In the lead-up to COP27 in November, and with the imperative climate emergency, we thought we would speak to some of the talented minds at Lancaster about their areas of research within sustainability, and what they would like to see focused on in this wide-reaching topic.

This week, we have spoken to Professor Ian Dodd, a Professor of Sustainable Agriculture.

Can you give me a brief overview of your role at the University?

Apart from my research, I teach a 3rd-year module Sustainable Agriculture, direct the distance learning Food Security M Sc and also manage the Plant & Crop Sciences group in the Lancaster Environment Centre.

What areas of sustainability are you currently focused on in your work?
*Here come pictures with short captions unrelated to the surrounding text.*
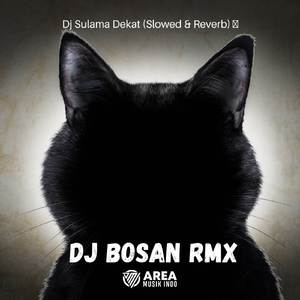 Dj Sulama Dekat (Slowed & Reverb) 🎧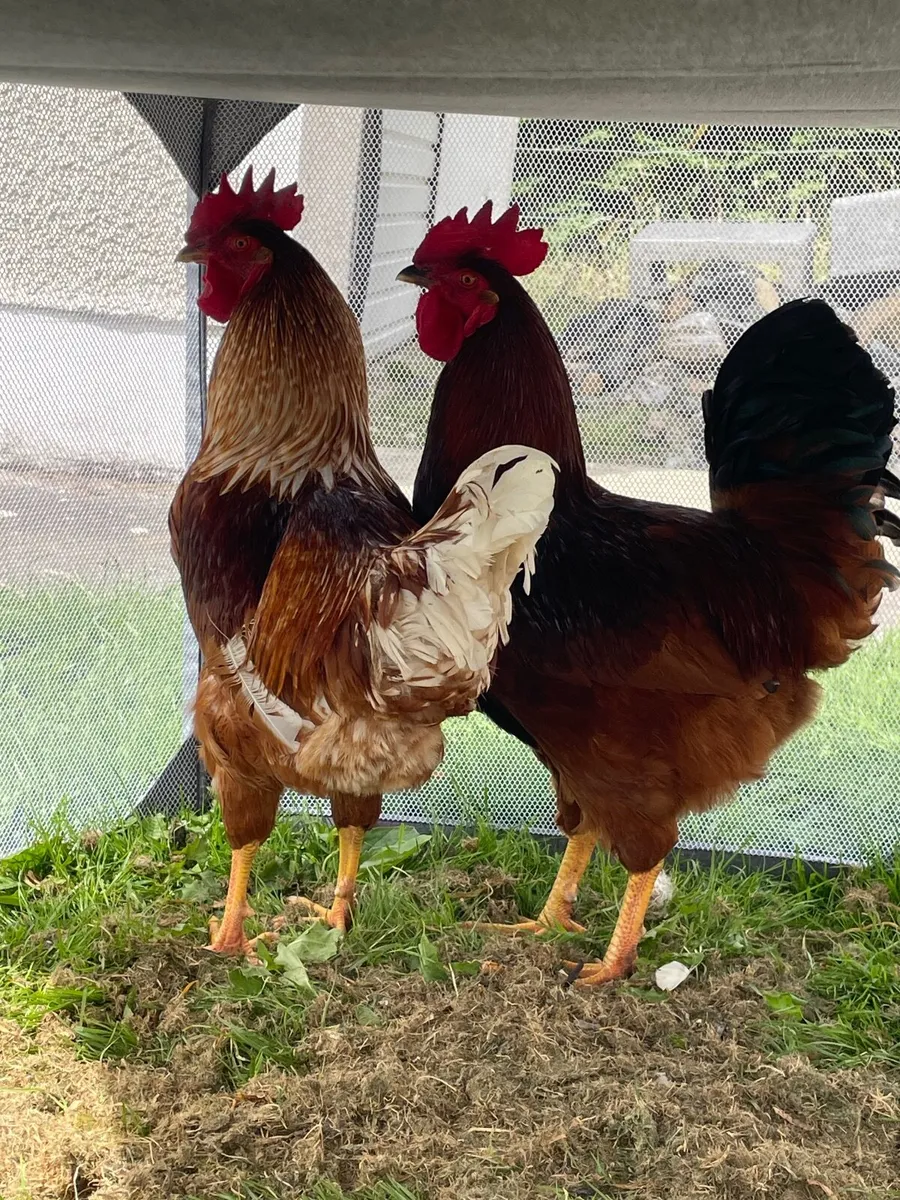 Rooster - Image 2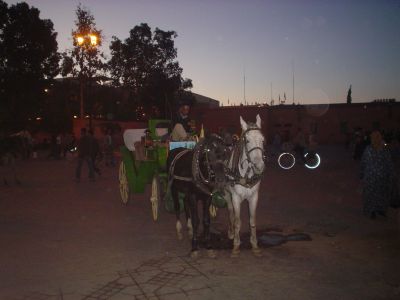 GeneviÃ¨ve A.
lumiÃ¨res de la ville et du vÃ©lo Ã  Marrakech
I am focused on trying to deliver “more crop per drop” within cropping systems. Globally, agriculture uses > 70% of the world’s fresh water, with unsustainable water use threatening vulnerable ecosystems and compromising food security.

What has been your biggest achievement this year?

It’s difficult to rank various achievements, so I’ll give a selection here:

· Successfully completing a major study on using different irrigation techniques in Ghana, which can sustain crop yields while reducing water use in important crops such as rice (the most water-demanding crop), which has led to follow-on funding this year

· Starting a new project with long-standing industry collaborators into more sustainable fertiliser sources, which is especially topical as synthetic chemical fertilisers have more than doubled in price over the last year due to the war in Ukraine

· Professional recognition of the impact of the research that I’ve done over the last 10-15 years via the Research Excellence Framework Impact Case Study on “More Crop per Drop” that I co-authored

What do you think is the biggest challenge in the work that you do?

Attracting funding for my work, and attracting and retaining talented researchers, is always a challenge, especially as agricultural research is not always prioritised as much as other research areas. Thus it is not always attractive to students.

Did you always want to work in the area of sustainability?

As a plant scientist, I am most interested in how plant root systems sense their environment and transmit long-distance signals to the shoot to regulate growth and water use. This sounds quite academic and removed from paradigms of sustainability, but fortunately, my interests in exploiting this basic science has allowed me to develop research that can be applied by farmers.

COP27 is in November 2022 in Egypt, what area(s) would you like to see being talked about more in order to help the climate emergency?

Water security for agriculture in the face of climate change. As part of an EU project on managing water scarcity, my colleagues in Belgium recently published a paper projecting that net irrigation requirements for European crops will increase by approximately 30% in the near future. Where is this water going to come from? Already many catchments are water-stressed and crops are suffering.

This challenge is particularly acute for countries like Egypt, where agriculture is almost completely reliant on irrigation from the Nile River, which has multiple water users along its length. My most recent PhD graduate was from Egypt, and she identified crop genotypes that could better regulate their water use when the air is dry.

What do you think is the role of Universities in sustainability and addressing the climate emergency?

Universities need to embed sustainability paradigms across the curriculum in all disciplines – it’s all very well to have a well-educated student cohort with an Environment Centre (where I work) but many decisions that impact upon sustainability are taken by business leaders or governments. These groups need to understand “sustainability science” to make well-informed decisions.